The 12 month rolling averages show that Veterans and non-Veterans overall are doing better than they were a year ago. Gulf War II Veteran unemployment has consistently decreased since February 2014.
Veteran unemployment rates increased by .4 percent while non-Veteran unemployment rates increased by .1 percent. Gulf War II Veteran unemployment rates increased by 1.7 percent.
From May to June in both 2013 and 2014, we saw that women, both Veterans and non-Veterans, had increased unemployment rates, as did non-Veterans in general. During those times, Gulf War II Veteran women in particular had higher rates.
Conversely, we see inconsistencies in all Veterans, Gulf War II Veterans, male Veterans in general and male Veterans of Gulf War II with decreased unemployment rates from May to June 2013 but increased rates from May to June 2014.

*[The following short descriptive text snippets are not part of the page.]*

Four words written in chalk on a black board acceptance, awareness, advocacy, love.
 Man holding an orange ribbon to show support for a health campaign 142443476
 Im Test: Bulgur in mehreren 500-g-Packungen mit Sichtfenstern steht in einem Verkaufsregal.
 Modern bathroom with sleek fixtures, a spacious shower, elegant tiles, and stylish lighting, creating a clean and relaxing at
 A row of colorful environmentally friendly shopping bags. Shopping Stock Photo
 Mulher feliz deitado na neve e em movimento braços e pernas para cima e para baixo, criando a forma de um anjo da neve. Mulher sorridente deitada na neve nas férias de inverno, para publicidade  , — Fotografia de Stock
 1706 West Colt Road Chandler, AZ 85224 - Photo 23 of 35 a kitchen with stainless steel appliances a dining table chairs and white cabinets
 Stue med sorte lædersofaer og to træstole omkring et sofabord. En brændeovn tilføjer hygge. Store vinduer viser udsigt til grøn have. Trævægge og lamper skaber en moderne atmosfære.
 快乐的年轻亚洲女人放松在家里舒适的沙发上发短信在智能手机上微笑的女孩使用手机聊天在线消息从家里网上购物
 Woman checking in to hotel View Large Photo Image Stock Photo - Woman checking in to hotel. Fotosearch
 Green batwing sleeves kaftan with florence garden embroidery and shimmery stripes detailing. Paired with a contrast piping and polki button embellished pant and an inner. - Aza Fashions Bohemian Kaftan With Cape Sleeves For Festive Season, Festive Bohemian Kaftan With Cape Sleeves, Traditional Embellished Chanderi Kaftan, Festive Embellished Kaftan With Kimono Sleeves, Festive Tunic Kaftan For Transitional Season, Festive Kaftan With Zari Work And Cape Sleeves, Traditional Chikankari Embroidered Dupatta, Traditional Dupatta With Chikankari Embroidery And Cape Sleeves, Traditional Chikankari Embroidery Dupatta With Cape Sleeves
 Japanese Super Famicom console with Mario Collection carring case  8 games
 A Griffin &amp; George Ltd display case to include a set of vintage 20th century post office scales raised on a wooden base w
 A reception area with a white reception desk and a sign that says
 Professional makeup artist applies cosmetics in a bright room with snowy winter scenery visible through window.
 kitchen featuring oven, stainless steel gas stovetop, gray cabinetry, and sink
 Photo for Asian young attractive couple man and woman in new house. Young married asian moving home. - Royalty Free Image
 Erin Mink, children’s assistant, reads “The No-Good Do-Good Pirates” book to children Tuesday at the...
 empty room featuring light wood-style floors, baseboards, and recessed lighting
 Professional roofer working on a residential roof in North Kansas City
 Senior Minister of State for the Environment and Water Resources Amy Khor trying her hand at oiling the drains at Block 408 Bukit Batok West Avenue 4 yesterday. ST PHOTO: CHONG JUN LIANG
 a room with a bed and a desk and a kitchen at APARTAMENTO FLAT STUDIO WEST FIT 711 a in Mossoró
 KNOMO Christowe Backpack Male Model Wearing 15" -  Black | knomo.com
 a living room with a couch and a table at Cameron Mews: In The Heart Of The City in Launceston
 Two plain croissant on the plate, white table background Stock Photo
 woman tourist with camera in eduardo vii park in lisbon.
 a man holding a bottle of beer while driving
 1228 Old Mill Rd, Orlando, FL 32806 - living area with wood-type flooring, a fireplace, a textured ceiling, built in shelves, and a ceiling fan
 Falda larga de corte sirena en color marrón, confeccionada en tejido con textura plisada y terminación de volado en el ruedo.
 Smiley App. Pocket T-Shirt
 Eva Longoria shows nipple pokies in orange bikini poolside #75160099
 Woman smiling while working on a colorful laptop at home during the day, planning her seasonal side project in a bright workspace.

Women Veterans, specifically Gulf War II women Veterans, are doing worse than non-Veteran women. The unemployment rate for women Veterans as a whole increased by 1.7 percent while non-Veteran women unemployment rate increased by .1 percent. Gulf War II Veteran women’s unemployment increased by 3 percent.
Male Veterans as a whole are doing better than their non-Veteran counterparts for the past year. Last month, the unemployment rate for Gulf War II male Veterans dropped below their non-Veteran counterparts for the first time since July 2013. This month the Gulf War II male Veterans’ unemployment rate increased by 1.3 percent putting them .2 percent higher than non-Veteran men.
In April, Joining Forces launched the Veterans Employment Center, a new online platform which supports transitioning service members, veterans, and their spouses looking for new career opportunities. This site helps simplify the job search process by providing the most important online career tools within government in one place. This tool is a result of collaboration between the Department of Defense, Department of Labor, Office of Personnel Management, Small Business Administration and the Department of Veterans Affairs.
Job seekers can use the “military skills translator” to match military career tracks with civilian occupations and critical skills, create and upload a resume online, and find public and private job openings in a single search. Employers are provided with a direct feed of resumes from Veteran applicants, can view reverse skills translation (military to civilian skills) for applicants, and can make public their own Veterans hiring goals.